The key difference of logistic regression with respect to standard linear regressions is that, whereas linear regression gives us a coefficient (how associated the independent and dependent variables are, with a value ranging from -1 to +1), logistic regression gives us a __probability-looking normalized score__ (a floating point number between 0. and 1.0) that we can use as an actual probability of the class (dependent variable) given the feature (independent variable). Zero means the feature does not predict the class, one means the feature predicts the class with absolute certainty. The normalization of this score is performed using the [__logistic function__](https://en.wikipedia.org/wiki/Logistic_function) (a type of [sigmoid function](https://en.wikipedia.org/wiki/Sigmoid_function)) hence the technique's name.

The math behind logistic regression is a bit complicated and beyond the focus of this course. For convenience, below is some code ([via StackOverlow](http://stackoverflow.com/a/7939259)) with a recap of linear regression. For our purposes, imagine that we replaced [a] temperatures over a period of time and [b] ice-cream in our example above, with [a'] words in a document and [b'] document categories, respectively.

In [None]:
facts = [
    # category, 'government', 'politician', 'player', 'team'
    ('politics', [1, 1, 0, 0]),
    ('politics', [0, 1, 0, 0]),
    ('politics', [1, 0, 0, 0]),
    ('sports', [0, 0, 1, 1]),
    ('sports', [0, 0, 0, 1]),
    ('sports', [0, 0, 1, 0]),
]

categories = [
    ('politics', [2, 2, 0, 0]),
    ('sports', [0, 0, 2, 2])
]

def average(x):
    assert len(x) > 0
    return float(sum(x)) / len(x)

def correlation(x, y):
    assert len(x) == len(y)
    n = len(x)
    assert n > 0
    avg_x = average(x)
    avg_y = average(y)
    diffprod = 0
    xdiff2 = 0
    ydiff2 = 0
    for idx in range(n):
        xdiff = x[idx] - avg_x
        ydiff = y[idx] - avg_y
        diffprod += xdiff * ydiff
        xdiff2 += xdiff * xdiff
        ydiff2 += ydiff * ydiff
    return diffprod / math.sqrt(xdiff2 * ydiff2)

new_doc = [1, 0, 0, 0]

for name, vector in categories:
    print name, correlation(vector, new_doc)

In [None]:
#    And then the logistic function:
def logistic_function(v):
    return 1 / (1 + (math.e ** -v))

print logistic_function(0.57735026919)
print logistic_function(-0.57735026919)

I think we just implemented an again-grossly-oversimplified Maximum Entropy classifier :)

#### Back to the naïveté of correlations
The key advantage of __Logistic Regression__ over __Naïve Bayes__ lies in the former's ability to handle correlated features (check out this [thread on Quora](https://www.quora.com/What-is-the-difference-between-logistic-regression-and-Naive-Bayes) for details).
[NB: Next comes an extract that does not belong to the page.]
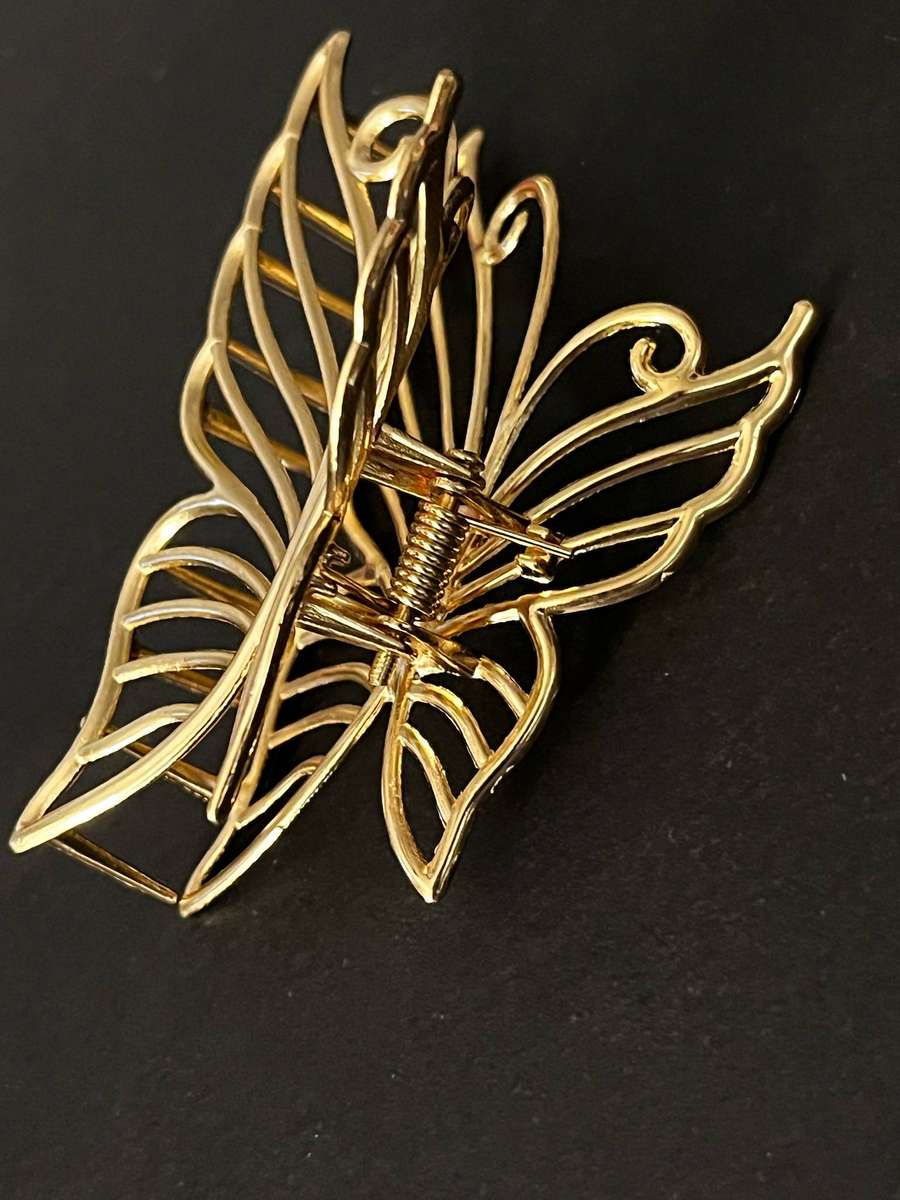 Large Gold-Tone Butterfly Hair Claw Clip | Statement Hair Accessory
That is, Logistic Regression __does not make the independence assumption__ and is able to deal feature correlations naturally by assigning them lower weights. In this way, a several-word-long linguistic unit no longer contributes to the final score for each of the tokens in it.

More specifically, Naïve Bayes calculates a probability for each word and finally multiplies the probabilities for all words, whereas Logistic Regression learns the weight for each word relative to the weights of rest of the words and, therefore, assigns to each its individual contribution over the maximum contribution that they all add up to.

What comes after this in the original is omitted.